Some people think that printed books are no longer needed in the digital era, because all writing can be stored electronically. Others think printed books will still play an important role. Discuss both views and give your own opinion.
The technological advancements bring more opportunities for users in their fields including jobs and studies, so people have different opinions whether printed-out books will be replaced by e-books in the future. While some people believe that the need of printed books will face decline, considering the digital era, I agree with those who support the idea that e-learning and traditional one will be seen as equally.
On the hand, there are several reasons why it is thought that e-book will replace paper books in upcoming decades. One of the main reasons is that the latest technology allows high- tech-savvy users to find the specific data they need at the click of button, meaning that this process is more time-saving than that of traditional ones. Using the electronic gadgets ranging from phones to portable laptops is likely to create more grows opportunities in flexible learning. Additionally, the data stored electronically is readily available for those who have problems with finding appropriate materials, as certain apps include functions which make stored date safe, so e-learning is likely to be seen as a positive trend, compared to printed books.
On the other hand, personally, having a balance electron books and printed books could be beneficial, not only high-tech savvy men, but also technological illiterate individuals, such as elder citizens, for those who have difficulty in adapting such rapid changes, which are technological advancements, have lack of knowledge about this trend. Furthermore, regular usage of electron devices causes certain health-related problems including poor eyesight, and also it can adversely influence on individuals’ cognitive skills, such as imagination and the way brain works, for it is notable that e-learning could prevent those living in the age of technology from improving their imagination and critical thinking, so both sides stated above should be seen as equally.

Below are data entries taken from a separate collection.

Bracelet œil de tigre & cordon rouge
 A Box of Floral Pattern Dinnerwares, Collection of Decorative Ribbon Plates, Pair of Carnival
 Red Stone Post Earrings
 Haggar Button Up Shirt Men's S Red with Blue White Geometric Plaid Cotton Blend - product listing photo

In conclusion, although there is a hot debate among individuals whether the demand of e-books will increase in the future, compared to printed books, considering a certain consequence, I contemplate that keeping the balance between them will be more beneficial for learning process.
The essay is logically organized and the progression of ideas is clear. However, there are some issues with the use of cohesive devices and the overall cohesion of the essay. The essay follows a logical structure, but the use of cohesive devices is sometimes inaccurate or missing, making the progression of ideas a bit difficult to follow. Additionally, the conclusion could be more effective in summarizing the main points and clearly stating the writer’s opinion.
Suggestions
- Try to use a variety of cohesive devices to ensure smooth transition between ideas.
- Make sure your conclusion effectively summarizes the main points and clearly states your opinion.
The essay demonstrates a good command of a broad lexical repertoire. However, there are a few instances of awkward or incorrect word choice. The essay demonstrates a good command of a wide range of vocabulary, with some less common and idiomatic language. However, there are a few instances of awkward or incorrect word choice that could be revised for clarity and accuracy.
The essay uses a variety of complex structures. However, there are a few grammatical errors and awkward constructions. The essay uses a variety of complex grammatical structures with a good level of accuracy. However, there are a few minor errors and awkward constructions that could be revised for clarity and precision.
The essay addresses the task effectively, presenting a clear position throughout the response. However, the argument could be more fully developed and supported with specific examples. The essay addresses the task effectively, presenting a clear position and supporting it with relevant examples. However, the argument could be more fully developed, with more specific examples needed to support the main points.
Suggestions
- Include more specific examples to support your arguments.
- Ensure that each paragraph fully develops a single idea or argument.